_Task to complete:_
Your job with the data below is to output exactly the lines from the one holding "Item preview, Pink" down to the one holding "Mustela Gentle Soap with Cold Cream", both included, and no others.

= = = = = = =

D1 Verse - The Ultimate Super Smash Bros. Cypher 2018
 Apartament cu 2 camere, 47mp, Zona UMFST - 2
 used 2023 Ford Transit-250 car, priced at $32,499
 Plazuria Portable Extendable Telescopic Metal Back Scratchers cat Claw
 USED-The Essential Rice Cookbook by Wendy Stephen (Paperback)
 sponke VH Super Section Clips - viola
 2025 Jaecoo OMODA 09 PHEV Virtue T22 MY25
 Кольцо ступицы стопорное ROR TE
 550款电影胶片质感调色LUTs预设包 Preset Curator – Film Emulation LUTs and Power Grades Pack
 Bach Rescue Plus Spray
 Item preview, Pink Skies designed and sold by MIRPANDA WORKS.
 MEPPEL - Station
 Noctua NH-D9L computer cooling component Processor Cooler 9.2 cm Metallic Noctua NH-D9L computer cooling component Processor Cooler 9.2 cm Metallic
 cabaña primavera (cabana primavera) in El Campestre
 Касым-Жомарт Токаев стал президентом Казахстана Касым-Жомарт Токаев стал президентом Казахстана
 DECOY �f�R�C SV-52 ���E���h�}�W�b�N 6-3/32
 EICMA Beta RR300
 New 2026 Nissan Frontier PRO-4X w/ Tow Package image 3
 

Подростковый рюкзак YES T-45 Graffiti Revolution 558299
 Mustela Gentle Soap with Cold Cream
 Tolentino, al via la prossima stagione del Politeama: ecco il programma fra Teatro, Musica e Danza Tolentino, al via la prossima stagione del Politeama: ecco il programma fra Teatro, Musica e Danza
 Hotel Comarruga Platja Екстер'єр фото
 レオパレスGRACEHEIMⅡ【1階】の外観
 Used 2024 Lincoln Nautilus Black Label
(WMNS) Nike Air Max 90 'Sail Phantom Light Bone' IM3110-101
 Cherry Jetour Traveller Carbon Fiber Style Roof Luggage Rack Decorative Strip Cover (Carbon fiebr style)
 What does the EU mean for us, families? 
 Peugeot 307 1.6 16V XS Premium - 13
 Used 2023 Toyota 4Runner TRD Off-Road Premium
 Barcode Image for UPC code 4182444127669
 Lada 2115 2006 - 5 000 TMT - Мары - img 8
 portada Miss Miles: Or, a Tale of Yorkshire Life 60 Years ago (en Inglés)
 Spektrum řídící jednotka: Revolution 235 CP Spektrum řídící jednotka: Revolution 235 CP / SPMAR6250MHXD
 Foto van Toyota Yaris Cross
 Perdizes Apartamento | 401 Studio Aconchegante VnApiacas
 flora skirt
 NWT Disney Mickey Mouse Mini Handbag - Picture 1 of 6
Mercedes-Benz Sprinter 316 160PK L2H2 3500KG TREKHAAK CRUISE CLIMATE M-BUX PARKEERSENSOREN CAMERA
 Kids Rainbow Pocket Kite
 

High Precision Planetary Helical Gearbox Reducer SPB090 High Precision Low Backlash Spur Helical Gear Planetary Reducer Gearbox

= = = = = = =

_Expected answer:_
 Item preview, Pink Skies designed and sold by MIRPANDA WORKS.
 MEPPEL - Station
 Noctua NH-D9L computer cooling component Processor Cooler 9.2 cm Metallic Noctua NH-D9L computer cooling component Processor Cooler 9.2 cm Metallic
 cabaña primavera (cabana primavera) in El Campestre
 Касым-Жомарт Токаев стал президентом Казахстана Касым-Жомарт Токаев стал президентом Казахстана
 DECOY �f�R�C SV-52 ���E���h�}�W�b�N 6-3/32
 EICMA Beta RR300
 New 2026 Nissan Frontier PRO-4X w/ Tow Package image 3
 

Подростковый рюкзак YES T-45 Graffiti Revolution 558299
 Mustela Gentle Soap with Cold Cream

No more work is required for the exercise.